Le musée du Louvre est au cœur d'une affaire de fraude à la billetterie qui aurait duré près de dix ans. Des guides touristiques et des agents internes sont soupçonnés d'avoir détourné des recettes en réutilisant des billets pour faire entrer des groupes de visiteurs, notamment chinois. Le préjudice total est estimé à plus de 10 millions d'euros.
Comment la fraude a été mise au jour
L'affaire démarre fin 2024, lorsque la direction du Louvre signale des soupçons aux autorités. Dans le collimateur, un couple de guides d'origine chinoise. Des surveillances et des écoutes téléphoniques sont alors mises en place. Elles permettent de confirmer que les mêmes tickets étaient utilisés plusieurs fois pour des touristes différents, en contournant les contrôles habituels. D'autres guides sont ensuite repérés pour des pratiques similaires.
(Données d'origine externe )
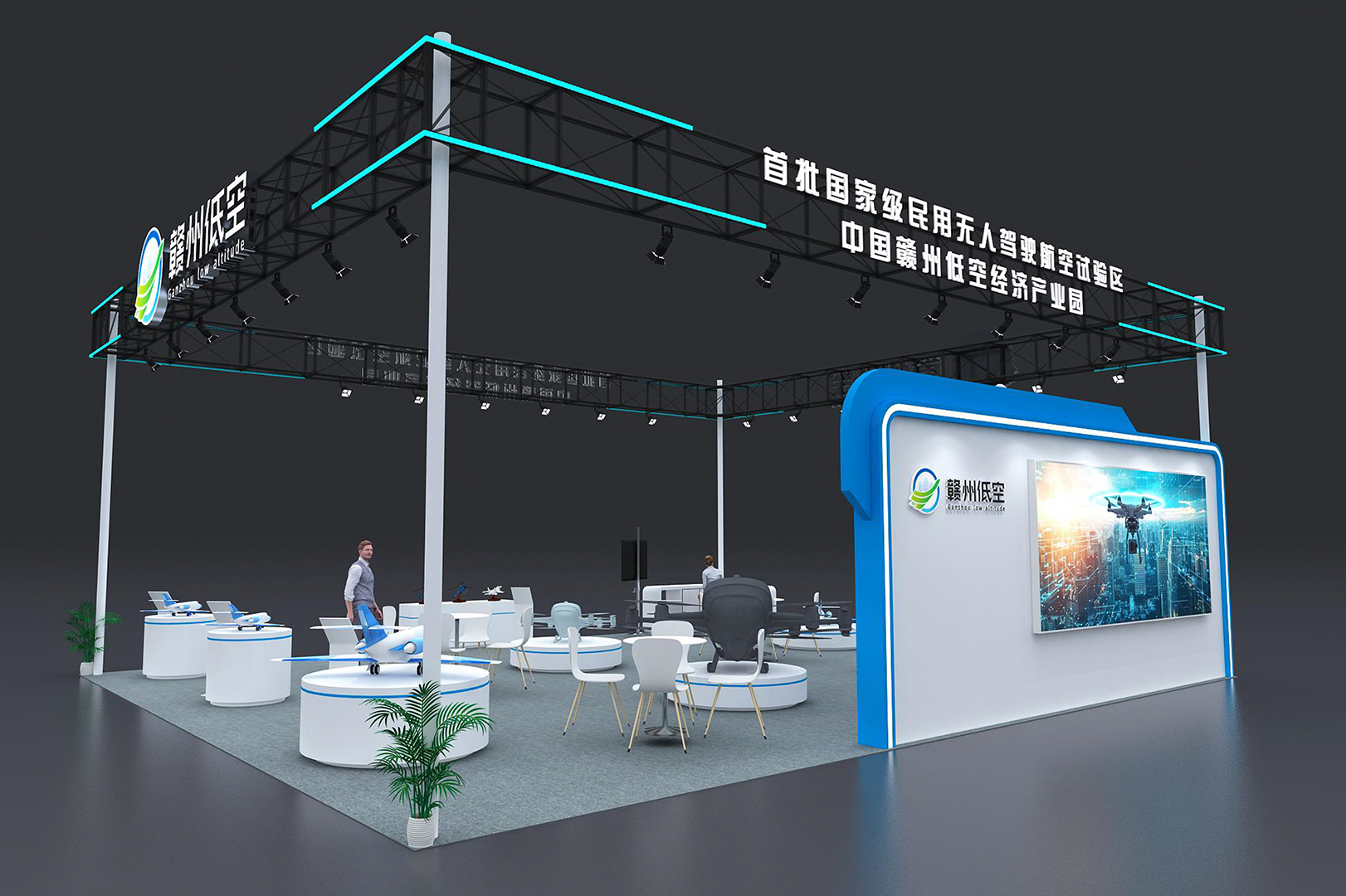 2025赣州低空低空经济项目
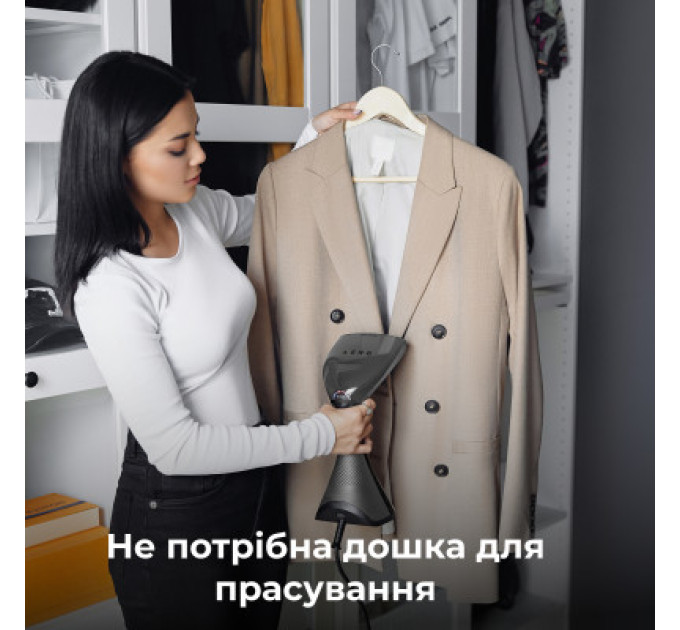 Відпарювач для одягу AENO AGS0001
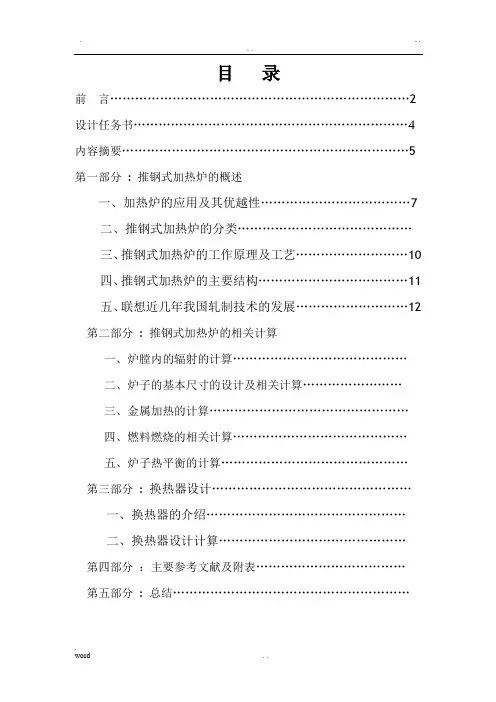 冶金热工基础推钢式加热炉课程设计
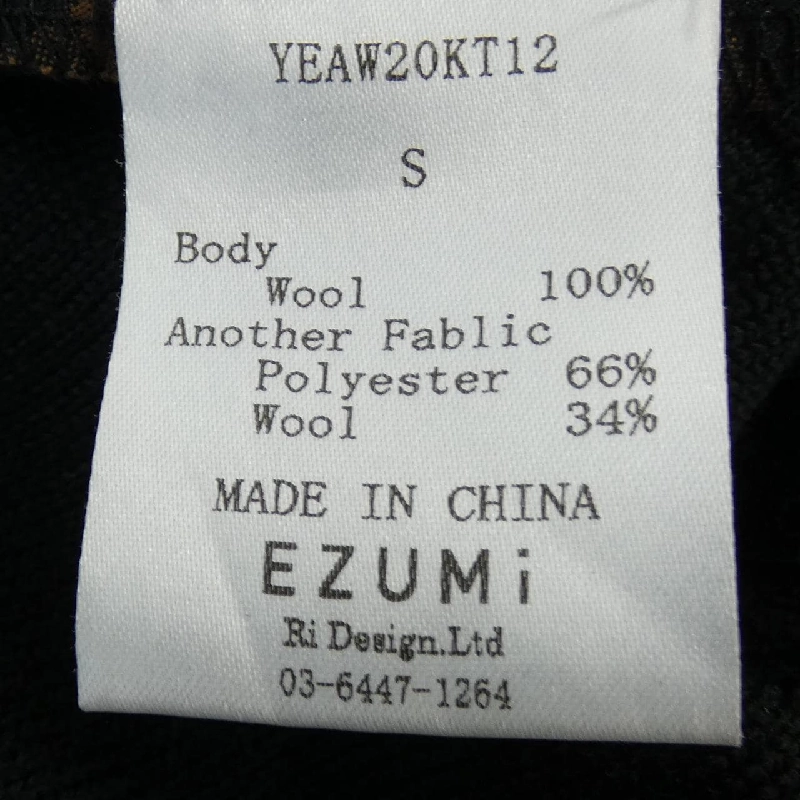 【Mã giảm giá】Ezumii EZUMi Váy 647649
Un réseau structuré autour de la billetterie
Selon les premiers éléments de l'enquête, la fraude ne se limitait pas à quelques actes isolés. Des guides, mais aussi deux agents du musée, sont suspectés d'avoir participé à un système organisé de réutilisation de billets. Une personne est soupçonnée d'avoir coordonné ce réseau de grande ampleur. Les montants en jeu, évalués à plus de 10 millions d'euros, laissent penser à une activité installée dans la durée.
Neuf interpellations et une enquête en cours
Le 10 février, neuf personnes ont été interpellées dans le cadre de cette affaire, dont les guides mis en cause, deux employés du Louvre et le présumé organisateur du réseau. Les enquêteurs s'intéressent aussi à l'utilisation de l'argent détourné : une partie des fonds aurait été investie dans des biens immobiliers, à Paris comme à Dubaï. Le parquet de Paris doit communiquer de nouveau le 13 février sur les suites données aux gardes à vue et sur les prochaines étapes de l'enquête.
Un coup porté à l'image d'un musée emblématique
Ce scandale intervient dans l'un des musées les plus fréquentés au monde, symbole du patrimoine français. Au-delà du montant du préjudice, l'affaire pose la question de la sécurité des systèmes de billetterie et des contrôles internes dans les grands établissements culturels. L'enquête devra déterminer les responsabilités de chacun et préciser comment un tel dispositif a pu fonctionner aussi longtemps sans être détecté.